Holograms aren't just for Tupac or Princess Leia anymore.
That's what Vimeo shares in a new blog post about how it is bringing live streamed "volumetric content" to the masses. Or, at least the creative filmmakers and somewhat technologically savvy masses.
On Monday, Vimeo laid out a how-to manual for how an average person can use its new tools to live stream a 3D video of themselves.
"We’re really excited about helping new media artists, creative technologists, art directors, or people who are exploring the boundaries of storytelling, and pushing past that," Vimeo's head of its Creator Labs division Casey Pugh told Mashable.
What Vimeo is trying to advance is a concept the video company is calling "telepresence," or in other words "the idea of live presence, of knowing something represented in virtual 3D space is actually happening right now somewhere else."
What this practically looks like is watching a live 3D image of another person on a screen. Or, even better, the 3D stream of a person in VR. So we're not talking ubiquitous stand-alone projections a la sci-fi, yet. Although Pugh said that Vimeo's tools would allow for rendering that sort of hologram of a person, when paired with true 3D projection technology.
Vimeo provides a step-by-step guide for how to stream live 3D video, along with the creation of two new products that makes the magic happen. To stream 3D live with Vimeo, you'll need a depth-sensing camera (Vimeo recommends the $100 RealSense D415). You'll need a Vimeo Live membership. And finally, you'll need an understanding of how to execute code, which could be the barrier to entry for some.
The Vimeo Depth Viewer is the company's new 3D camera interface. Working with the free and open source video encoding software, Open Broadcaster Software (OBS), these tools allow you to convert a 3D video into a live stream. The Depth Viewer essentially color-codes a 3D video, with blueish purple hues communicating that that pixel is far away, and red colors meaning the pixel is close. Translating the data of depth-sensing image into colors allows it to be converted into stream-able code.
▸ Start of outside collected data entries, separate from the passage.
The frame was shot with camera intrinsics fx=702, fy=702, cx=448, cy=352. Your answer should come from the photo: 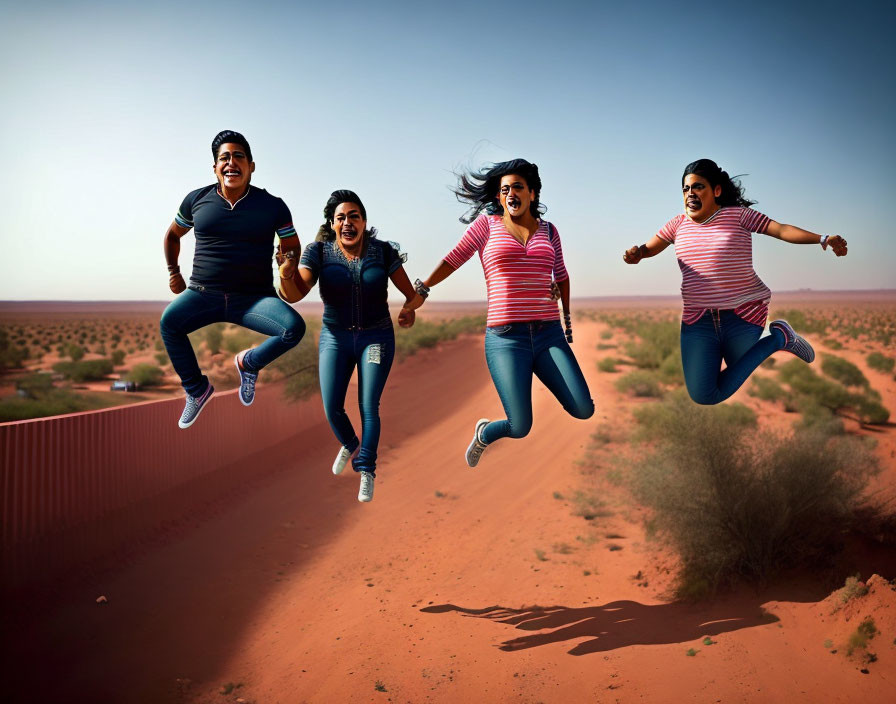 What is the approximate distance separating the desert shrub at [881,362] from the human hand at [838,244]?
3983cm

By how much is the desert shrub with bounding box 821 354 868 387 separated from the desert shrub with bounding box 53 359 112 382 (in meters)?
45.9

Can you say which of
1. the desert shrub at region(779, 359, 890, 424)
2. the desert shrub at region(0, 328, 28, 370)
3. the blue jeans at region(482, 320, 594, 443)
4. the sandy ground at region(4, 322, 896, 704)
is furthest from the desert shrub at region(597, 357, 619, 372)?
the desert shrub at region(0, 328, 28, 370)

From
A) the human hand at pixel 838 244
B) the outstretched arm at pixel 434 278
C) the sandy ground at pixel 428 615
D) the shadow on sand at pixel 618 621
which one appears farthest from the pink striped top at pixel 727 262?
the shadow on sand at pixel 618 621

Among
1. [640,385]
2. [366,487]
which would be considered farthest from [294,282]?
[640,385]

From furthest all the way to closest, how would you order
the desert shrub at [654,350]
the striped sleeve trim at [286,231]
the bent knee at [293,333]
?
the desert shrub at [654,350] → the striped sleeve trim at [286,231] → the bent knee at [293,333]

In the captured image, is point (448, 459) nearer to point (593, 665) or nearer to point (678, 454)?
point (678, 454)

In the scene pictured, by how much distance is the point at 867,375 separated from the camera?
3962 cm

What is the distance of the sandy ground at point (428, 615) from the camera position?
13750 millimetres

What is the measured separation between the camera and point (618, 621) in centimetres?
1645

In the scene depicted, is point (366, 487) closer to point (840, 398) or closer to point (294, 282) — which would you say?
point (294, 282)

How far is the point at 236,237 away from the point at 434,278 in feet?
6.78

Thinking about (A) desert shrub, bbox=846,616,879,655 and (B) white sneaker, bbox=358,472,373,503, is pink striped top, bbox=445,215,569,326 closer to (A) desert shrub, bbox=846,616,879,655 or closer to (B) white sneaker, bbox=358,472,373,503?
(B) white sneaker, bbox=358,472,373,503

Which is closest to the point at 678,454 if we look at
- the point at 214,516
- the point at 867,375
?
the point at 214,516

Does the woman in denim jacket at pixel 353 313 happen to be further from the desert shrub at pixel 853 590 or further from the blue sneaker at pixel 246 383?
the desert shrub at pixel 853 590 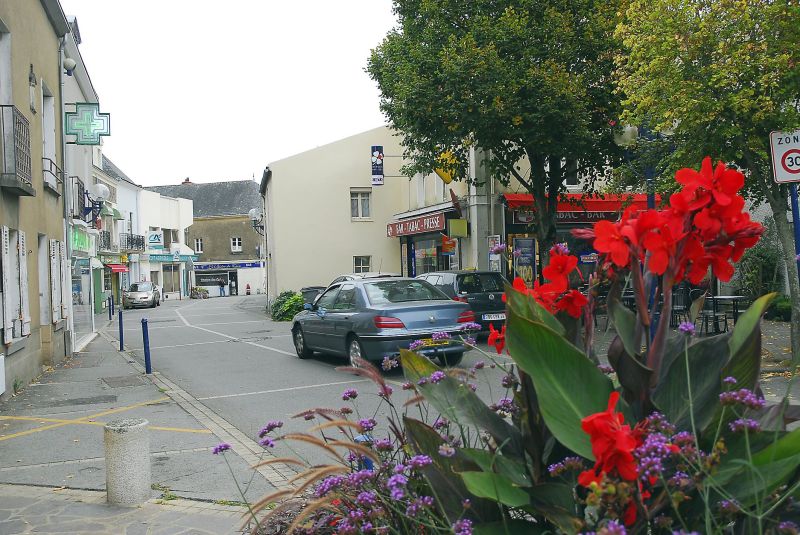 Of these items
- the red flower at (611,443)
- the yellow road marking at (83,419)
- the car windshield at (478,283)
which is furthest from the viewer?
the car windshield at (478,283)

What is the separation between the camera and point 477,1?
15867mm

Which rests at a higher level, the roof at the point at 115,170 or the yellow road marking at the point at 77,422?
the roof at the point at 115,170

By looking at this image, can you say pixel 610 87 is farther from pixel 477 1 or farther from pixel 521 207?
pixel 521 207

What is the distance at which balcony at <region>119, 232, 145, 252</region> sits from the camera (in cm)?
5159

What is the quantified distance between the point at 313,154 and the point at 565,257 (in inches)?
1202

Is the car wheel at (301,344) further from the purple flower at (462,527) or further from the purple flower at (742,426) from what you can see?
the purple flower at (742,426)

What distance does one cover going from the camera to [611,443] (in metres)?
1.66

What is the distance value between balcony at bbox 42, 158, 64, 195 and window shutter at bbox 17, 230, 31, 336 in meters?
2.76

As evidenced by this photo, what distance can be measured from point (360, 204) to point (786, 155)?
25.3 meters

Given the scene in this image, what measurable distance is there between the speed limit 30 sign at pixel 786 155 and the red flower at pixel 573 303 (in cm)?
686

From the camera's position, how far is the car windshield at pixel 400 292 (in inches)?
464

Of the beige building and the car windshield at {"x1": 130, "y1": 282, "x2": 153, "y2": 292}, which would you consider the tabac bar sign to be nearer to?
the beige building

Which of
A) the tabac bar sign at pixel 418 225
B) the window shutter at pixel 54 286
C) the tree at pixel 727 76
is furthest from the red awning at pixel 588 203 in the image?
the window shutter at pixel 54 286

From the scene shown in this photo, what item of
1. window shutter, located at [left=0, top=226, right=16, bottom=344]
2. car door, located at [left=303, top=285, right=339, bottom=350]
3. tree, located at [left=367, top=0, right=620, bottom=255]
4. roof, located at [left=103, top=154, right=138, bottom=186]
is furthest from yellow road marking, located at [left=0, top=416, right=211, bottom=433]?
roof, located at [left=103, top=154, right=138, bottom=186] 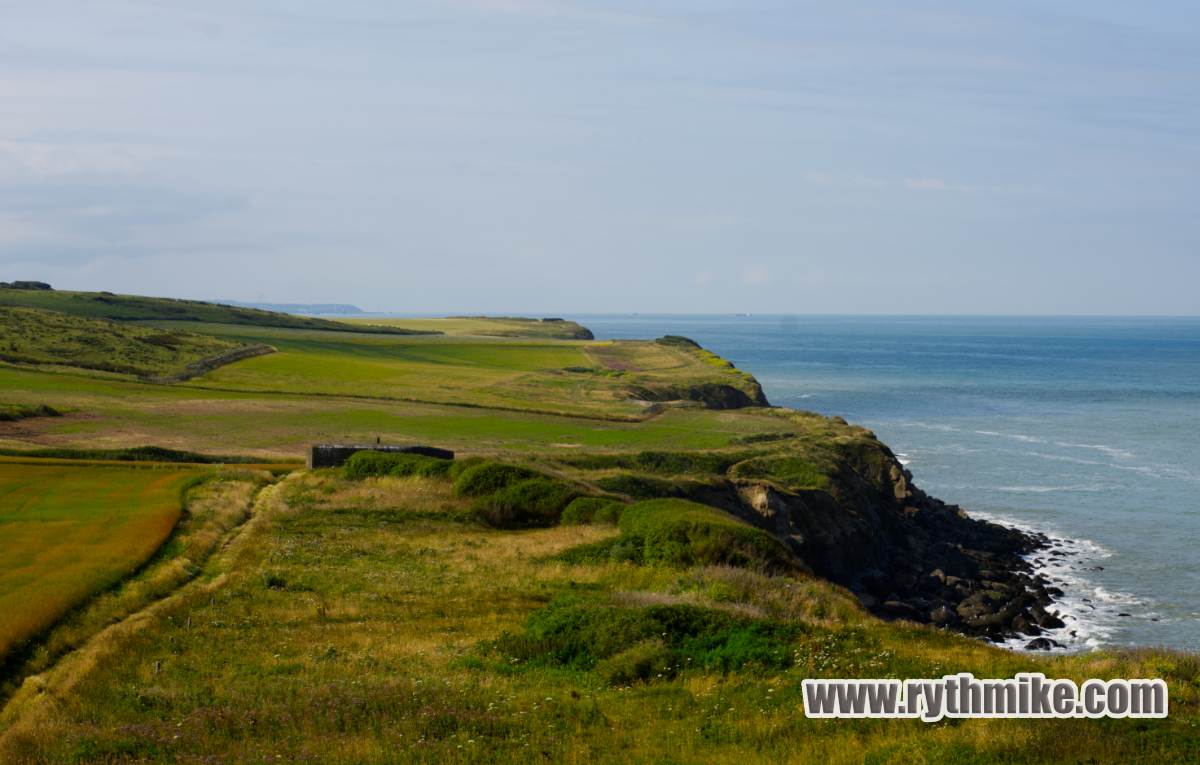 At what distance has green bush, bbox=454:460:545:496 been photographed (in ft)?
93.1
The next part is a bit trickier. Vimeo writes that in order to actually view the stream, "you need to build a web application that can ingest the live stream and render it into a 3D hologram." Vimeo built this for you, with the Vimeo Depth Player, which is what enables a stream on the other end to ingest and play 3D video. But you'll need to know how to run code to build a web application in the first place.
"In terms of distribution, we’ve made it much easier, whereas it was pretty hard before," Pugh said.
"Our dream is that at some point someone will build a creative experiment that is super accessible to everyone based upon this technology."
Though Vimeo's guide to building holograms isn't so simple that anyone can do it, it's a far cry from needing the sci-fi, expensive, and heavy-duty hardware one might imagine is necessary to go all Star Trek Holodeck. And our description here is just an overview. If you're serious about creating your own "telepresence," Vimeo's guide on its blog is remarkably easy to follow, and we suggest you check it out here.
The hologram ubiquitous future isn't here, yet. But it's getting closer.
"Essentially we’re packing data into the pixels, the color, of the video," Pugh said. "When you marry those two things together — the video, and the rainbow depth map — that’s us essentially packing all the data you need to then in real time merge those two together to create yourself into a 3D shape."